# CM 7.2 without downgrading to Froyo?



## mikecico (Apr 12, 2012)

I've seen in a XDA thread that there are unsupported versions of CM 7.x for DX that don't require downgrading to Froyo first, but I haven't found any links to the ROM zip. Does anyone have that? I'm on .605.

Also, do the latest ICS ROMs (CM9, MIUI, AOKP) have similar unsupported builds?

Thanks,
Mike


----------



## bmt11 (Dec 30, 2011)

The differences between the froyo kernel CM7 and the unofficial GB kernel CM7 are explained here: http://rootzwiki.com/topic/1458-how-to-installing-cm4dx-or-cm4dx-gb/

Any other rom you will find on this site will be running off the .602/.605 kernal including all the ones you listed, it's only the official CM7 releases that do not and require you to SBF to froyo first.


----------



## bradg24 (Jul 11, 2011)

mikecico said:


> I've seen in a XDA thread that there are unsupported versions of CM 7.x for DX that don't require downgrading to Froyo first, but I haven't found any links to the ROM zip. Does anyone have that? I'm on .605.
> 
> Also, do the latest ICS ROMs (CM9, MIUI, AOKP) have similar unsupported builds?
> 
> ...


Mike check out Yack 1.2 its a cm 7.2 unsupported or kang. But I am having great battery after a few battery runs.

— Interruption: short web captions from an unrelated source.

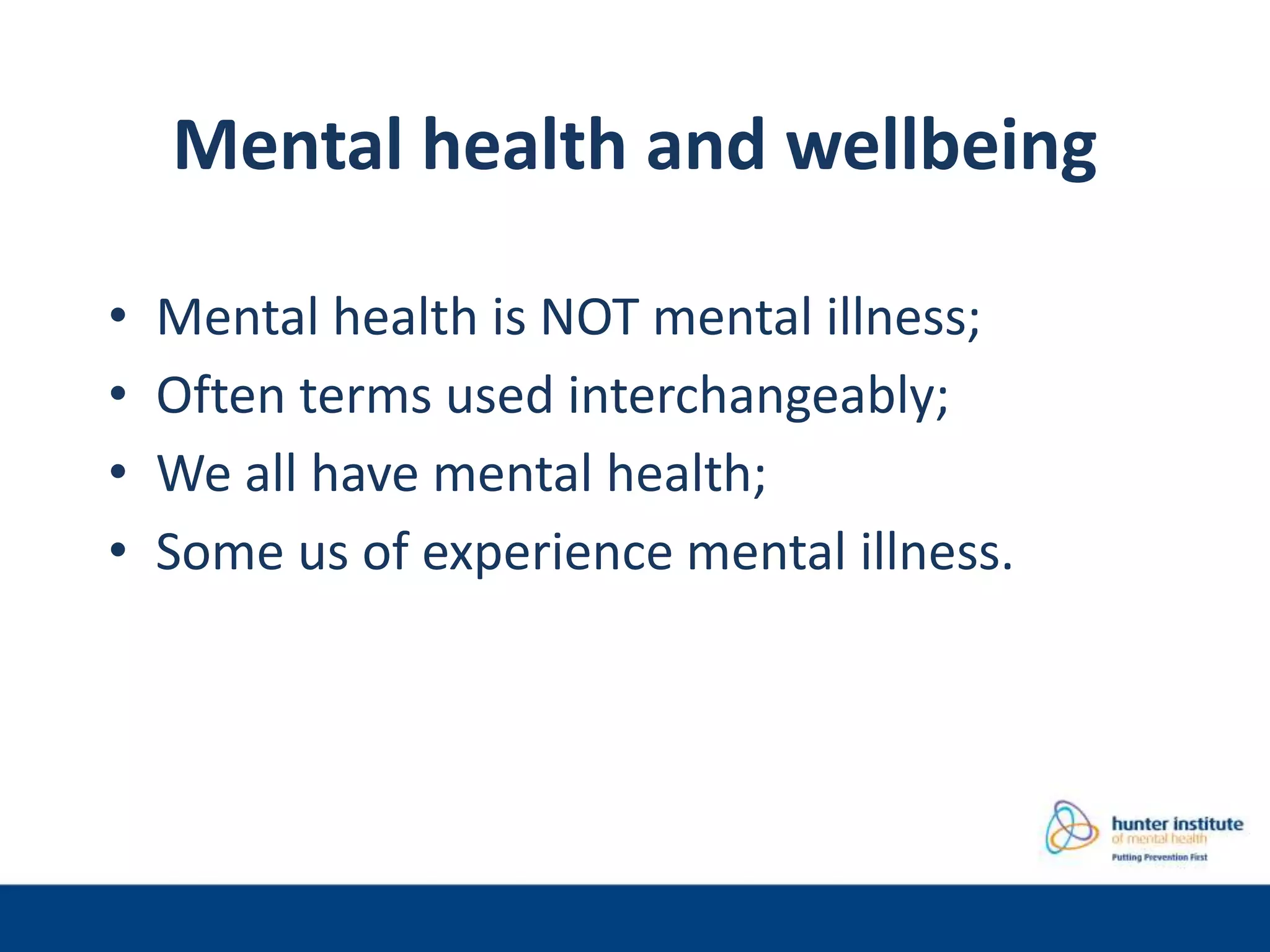 Mental health and wellbeing
• Mental health is NOT mental illness;
• Often terms used interchangeably;
• We all have mental health;
• Some us of experience mental illness.
 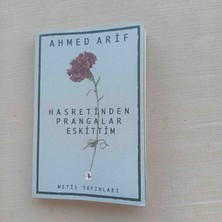 Hasretinden Prangalar Eskittim- Ahmed Arifmetis Yayinlari  2020 Basim 182 Sayfa 1 Bos Sayfada Tükenmez Kalem Cizigi Var Harici Temiz Durumdadir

Sent from my DROIDX using RootzWiki


----------



## mikecico (Apr 12, 2012)

I installed YACK 1.2 and Google apps, but when I try to install an app the cm7 shell restarts (not a full boot, but seems like the launcher restarts). Ever experience this problem?


----------



## bmt11 (Dec 30, 2011)

How are you installing the app? And you say the launcher crashes or just restarts and if so it is just the default launcher you're using?


----------



## mikecico (Apr 12, 2012)

I actually flashed a Pooka ROM, and things are working. However the Navigator and Places apps are missing. Do I need to flash a different ROM for that?

Sent from my DROIDX using Tapatalk 2


----------



## wigsplittinhatchet (Nov 5, 2011)

mikecico said:


> I actually flashed a Pooka ROM, and things are working. However the Navigator and Places apps are missing. Do I need to flash a different ROM for that?
> 
> Sent from my DROIDX using Tapatalk 2


No. Download maps in the market and it includes navi. There not included in gaaps
Sent from my DROIDX using RootzWiki


----------